__Work task__: Where a line below holds the string "warm", that line goes into the answer.

Material to process section start

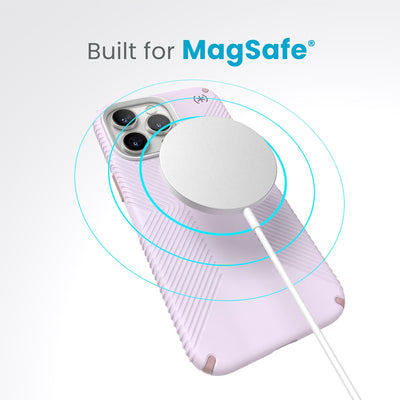 A case with phone inside with camera facing up and MagSafe wireless charger hovering above with concentric circles eminating from charger to signify power transfer. Text in image reads built for MagSafe.#color_soft-lilac-carnation-petal
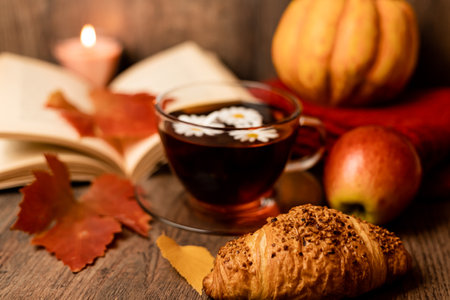 A cup of tea on the table. Autumn composition with tea and croissant. Home comfort. High quality photoの写真素材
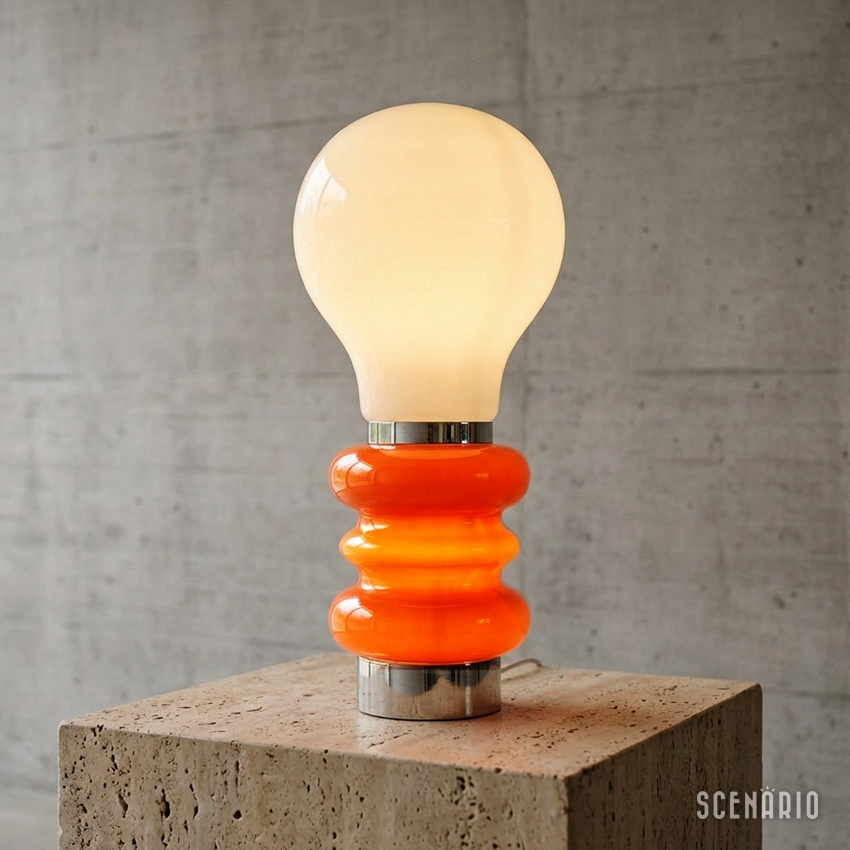 Lampada-da-tavolo-Space-Age-accesa-piedistallo-travertino.jpg Fotografia di una lampada da tavolo accesa in stile Space Age anni '70, caratterizzata da un grande bulbo superiore in vetro bianco opalino e una base sagomata a onde in vetro arancione acceso. La lampada poggia su un piedistallo quadrato in travertino beige poroso, sullo sfondo di una parete di cemento a vista. L'immagine ha un'atmosfera retrò e moderna.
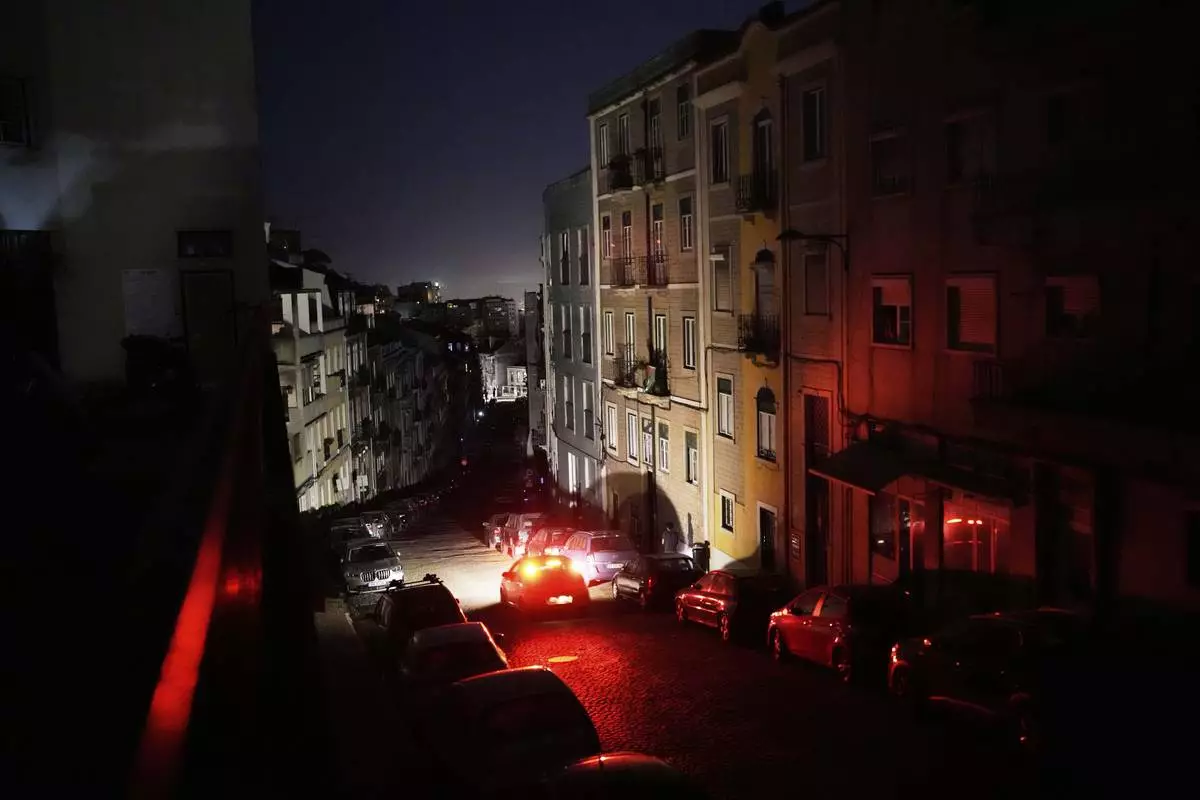 A car drives down an unlit street in Lisbon, during a nationwide power outage, Monday night, April 28, 2025. (AP Photo/Armando Franca)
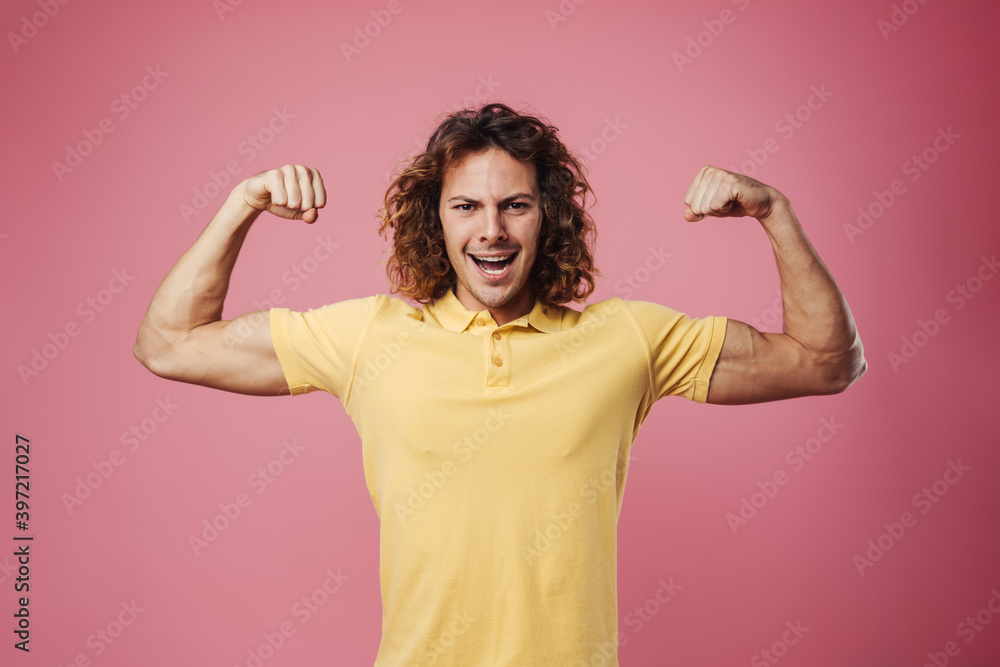Delighted handsome guy smiling and showing his biceps Delighted handsome guy smiling and showing his biceps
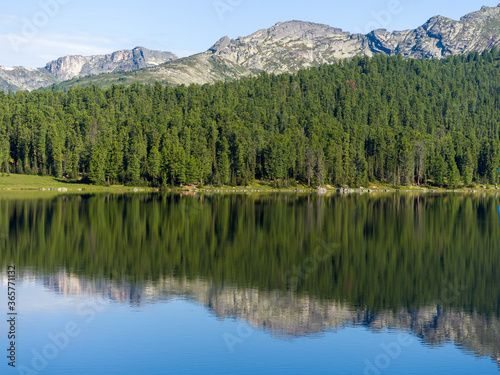 Lake in the wild. Coniferous forests of Siberia. Ergaki Nature Park
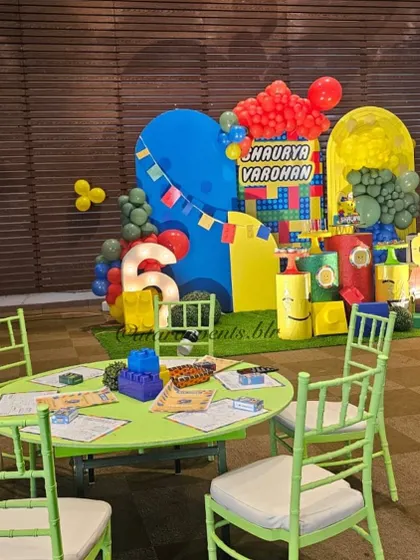 Themed seating for the little builders, with bright green tables and chairs set against the backdrop of the main LEGO stage.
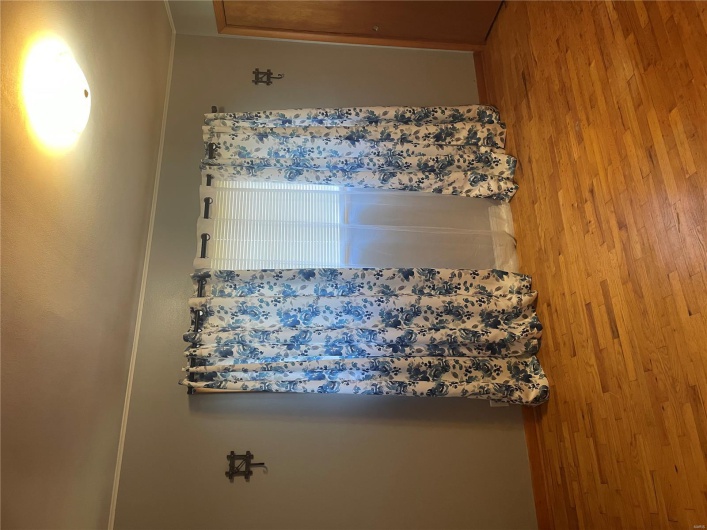Spare room with wood finished floors, crown molding, and baseboards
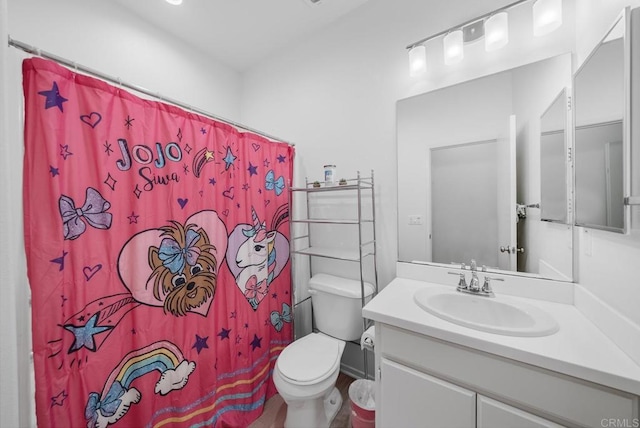 bathroom with vanity, toilet, and a shower with shower curtain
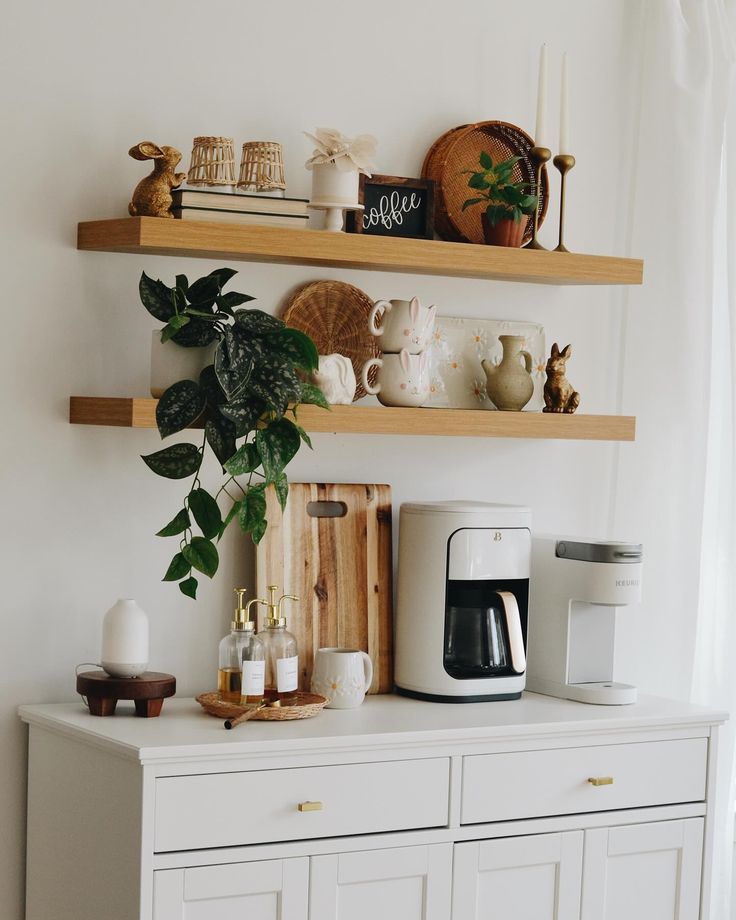 a coffee maker on top of a white dresser next to two wooden shelves filled with cups and mugs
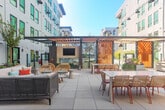 Located at 2230 Calle de Luna in Santa Clara, CA, this generously sized single-floor amenity space offers a sophisticated blend of modern design and versatile functionality. The interior lounge area immediately impresses with its layered ceiling detail—geometric wood-trimmed coffers set against crisp white surfaces—creating an architectural focal point that draws the eye upward. Bold terracotta-red velvet seating anchors the lounge, complemented by a built-in wood-paneled nook with integrated shelving, offering an inviting alcove for relaxed gatherings. A large-format wall-mounted display and striking abstract artwork add curated character throughout.

The adjacent dining and catering kitchen area is finished with warm wood cabinetry, a marble-effect backsplash, and a sleek central dining table surrounded by teal velvet chairs. Banquette seating lines one wall, bathed in natural light that streams through expansive windows. Clean-lined tile flooring runs throughout, maintaining a bright and cohesive aesthetic.

Black-framed glass double doors connect the interior to a spacious outdoor terrace, where pergola structures with warm-toned wood slats provide shade over lounge and dining furniture. An outdoor fireplace and mounted TV make the terrace a true extension of the entertaining space, all set against the backdrop of the surrounding modern residential building.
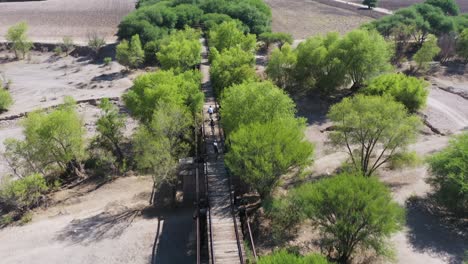 Group-of-friends-riding-bicycle-crossing-an-old-bridge-through-an-amazing-landscape,-drone-shot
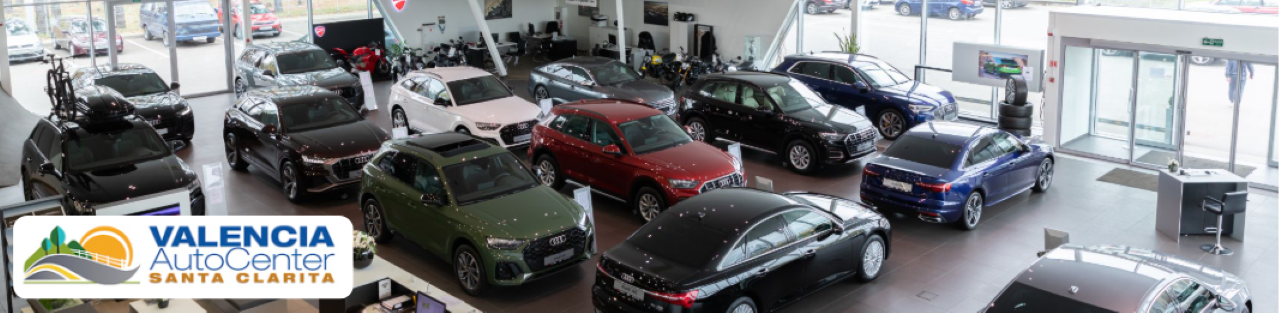 A panoramic view of Valencia Auto Center, showing multiple dealerships within the auto mall along one convenient mile.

Material to process section end

__Answer space__:
The adjacent dining and catering kitchen area is finished with warm wood cabinetry, a marble-effect backsplash, and a sleek central dining table surrounded by teal velvet chairs. Banquette seating lines one wall, bathed in natural light that streams through expansive windows. Clean-lined tile flooring runs throughout, maintaining a bright and cohesive aesthetic.
Black-framed glass double doors connect the interior to a spacious outdoor terrace, where pergola structures with warm-toned wood slats provide shade over lounge and dining furniture. An outdoor fireplace and mounted TV make the terrace a true extension of the entertaining space, all set against the backdrop of the surrounding modern residential building.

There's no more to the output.